Uma das motivações para a realização do estudo sobre os mamíferos é que já existe na literatura científica muitos trabalhos sobre serviços ecossistêmicos prestados pelas plantas. Captação de água e retenção do CO2 para frear o aquecimento estufa são os dois benefícios das plantas que estão mais em evidência. Sobre o bem que os animais fazem, porém, a produção acadêmica ainda é escassa.
— Nossa intenção em falar dos animais não é competir com a flora sobre quais serviços são os mais relevantes nem sobre quem deve ter prioridade de conservação. As duas frentes se complementam, até porque a preservação da cobertura vegetal é a melhor estratégia para preservar a fauna — diz Vale. — A maior ameaça que existe para a fauna ainda é a perda de habitat.
Benefícios ameaçados
No estudo, a ecóloga e seus coautores apresentam também uma série de mapas, mostrando quais serviços ambientais dos mamíferos são mais relevantes em cada lugar.

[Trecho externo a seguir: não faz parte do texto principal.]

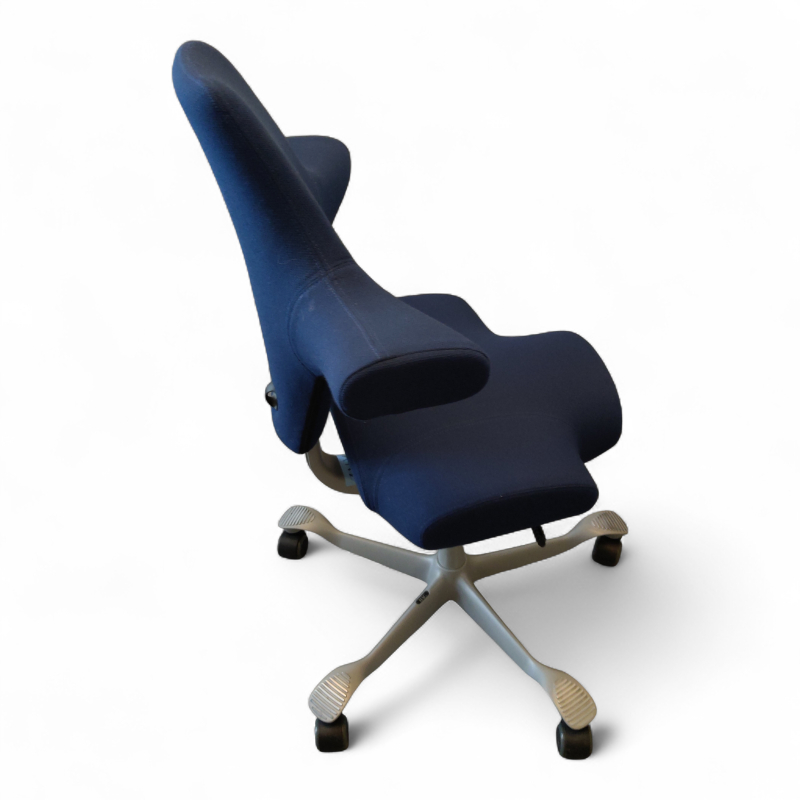Capisco 8106 standard høyde Blått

No Sudeste, por exemplo, gambás são importantes no controle de carniça. No Centro-Oeste, existe uma grande variedade de carnívoros fazendo controle da população de roedores. Na calha Norte do rio Amazonas, morcegos são muito importantes para a polinização. No litoral gaúcho, cetáceos são essenciais para regular a cadeia alimentar marinha.
Na maioria dos lugares do país em que existe uma sinergia dos mamíferos com humanos, porém, essa relação está se enfraquecendo.
— A gente está vivendo hoje uma crise de biodiversidade, que é marcada pela perda de hábitat, mas também pelas mudanças climáticas, pelas espécies invasoras, pela poluição e outros extressores — afirma a pesquisadora. — Por isso a gente acredita que vai haver uma piora gradativa na prestação dos serviços ecossistêmicos pela fauna.
Vale conta que o trabalho sobre os mamíferos é o primeiro de uma série que seu grupo de pesquisa prepara sobre serviços ambientais prestados pelos animais. O segundo, que vai enfocar as aves, já está em fase de produção. O estudo sobre os mamíferos foi publicado na última edição do periódico Perspectives in Ecology and Conservation.